To claim that our results have external validity, meaning that they can be generalized to the whole population, we ideally need a random sample from that population
What is the difference between Lab Experiments and Field Experiments?
What are the implication for validity in the 2 cases?
Lab Experiments:
* Characterized by high control over variables with the only variation being the treatment itself.
* Common in natural and life sciences, e.g., experiments with mice, where all conditions are kept constant except for the treatment. In social sciences, participants are often students or people who know they are part of a study.
* Individuals are aware that they are being observed by researchers.
Field Experiments:
* Occur in less controlled but more realistic environments.
* Derived from agricultural sciences but also used in social sciences with participants like legislators, managers, entrepreneurs who continue their daily activities during the study.
* Designed to be as unobtrusive as possible, often with participants unaware they are part of a study.

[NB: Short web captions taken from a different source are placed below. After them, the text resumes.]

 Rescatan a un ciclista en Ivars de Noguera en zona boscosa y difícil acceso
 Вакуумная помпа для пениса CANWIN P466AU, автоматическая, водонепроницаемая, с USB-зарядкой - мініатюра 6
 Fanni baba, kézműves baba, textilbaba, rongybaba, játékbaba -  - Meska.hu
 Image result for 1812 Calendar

Implications for Validity:
Internal Validity Concerns: In field experiments, it is challenging to control for all external variables that participants might encounter in their normal environments. This makes it harder to establish a causal link between the treatment and the outcome.
External Validity Concerns: Lab experiments raise questions about how well the results can be generalized to real-world settings since the conditions are highly controlled and may not reflect the complexity of the outside world.

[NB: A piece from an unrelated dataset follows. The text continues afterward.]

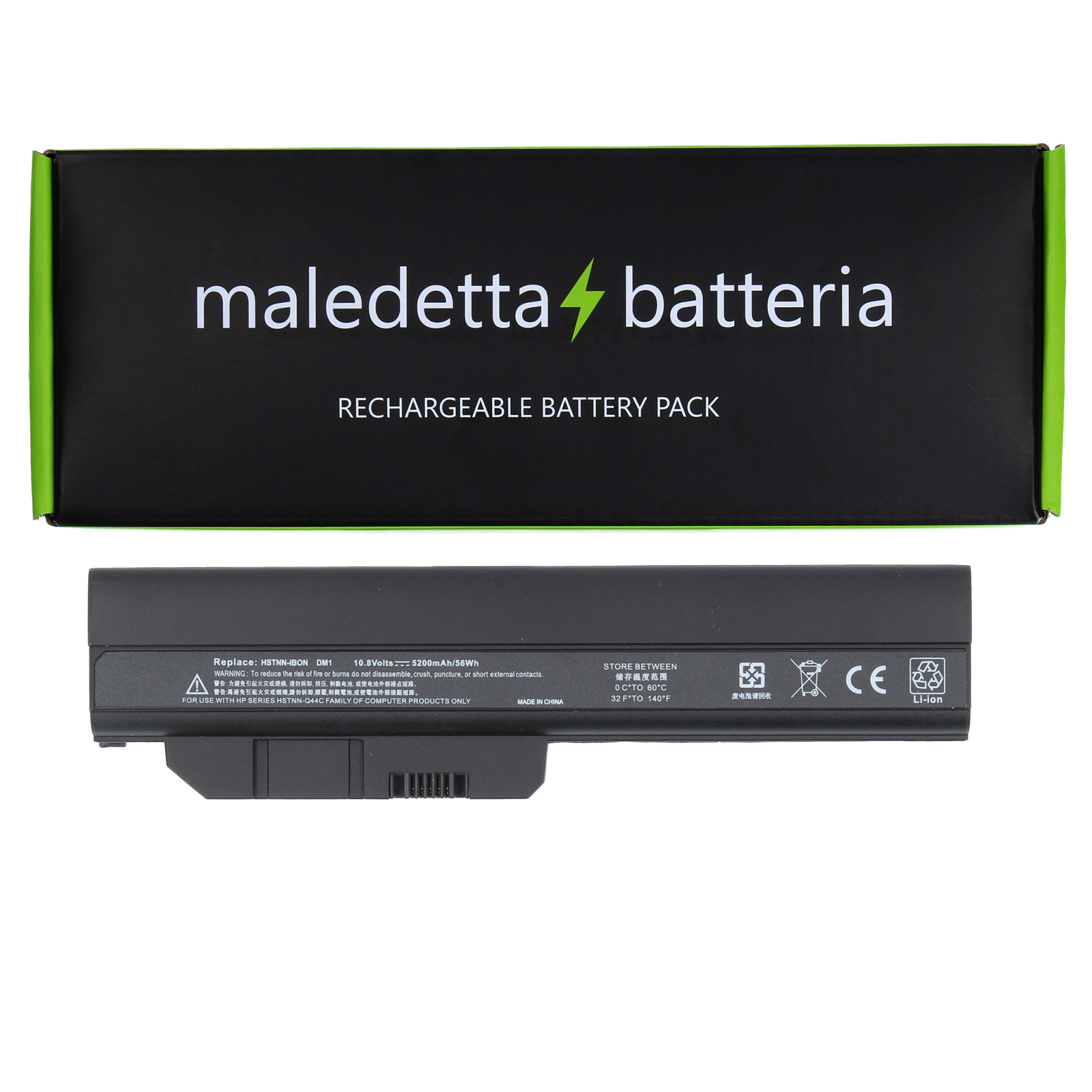 Batteria POTENZIATA 10.8-11.1V 5200mAh per HP-Compaq Mini 311c-1170SF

Should we use pre-treatment values of covariates or post-treatment values of covariates?
Ideally, we add pre-treatment values of covariates: we do not want factors that can be affected by the treatment!

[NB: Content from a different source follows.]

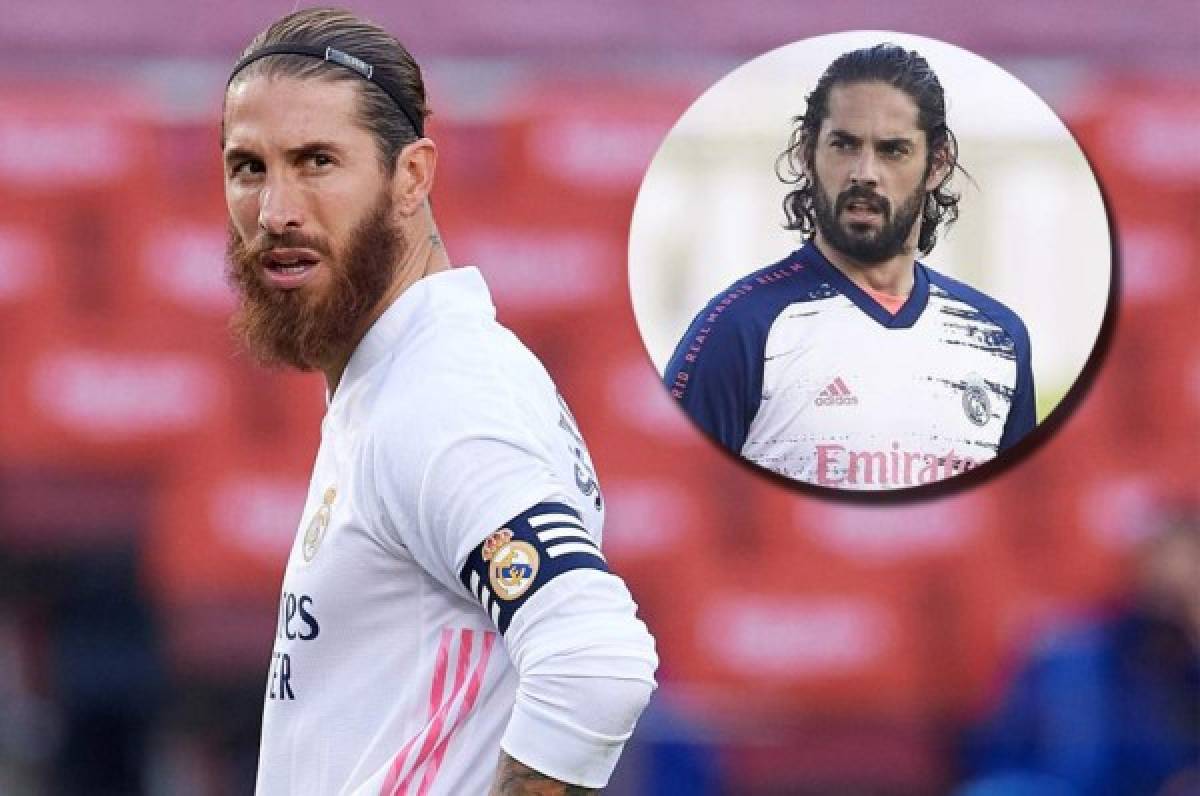 Bronca en el Real Madrid: el encontronazo entre Isco con el capitán Sergio Ramos tras el Clásico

What is the Key Assumption behind Difference in Differences?
The key assumption we are making is that treated units would have experienced the same change in mean outcomes over time as that actually observed among the untreated units
In cases of no-randomization, it is easy to include controls that help mitigate concerns of omitted variables. Be sure not to include variables that are themselves an outcome of the treatment: ideally, include pre-treatment (stable) characteristics
How does fixed effects works in DID?
Fixed Effects are nothing more than dummies that we add to our regression when we are in a panel setting (i.e., repeated observation over time for multiple units)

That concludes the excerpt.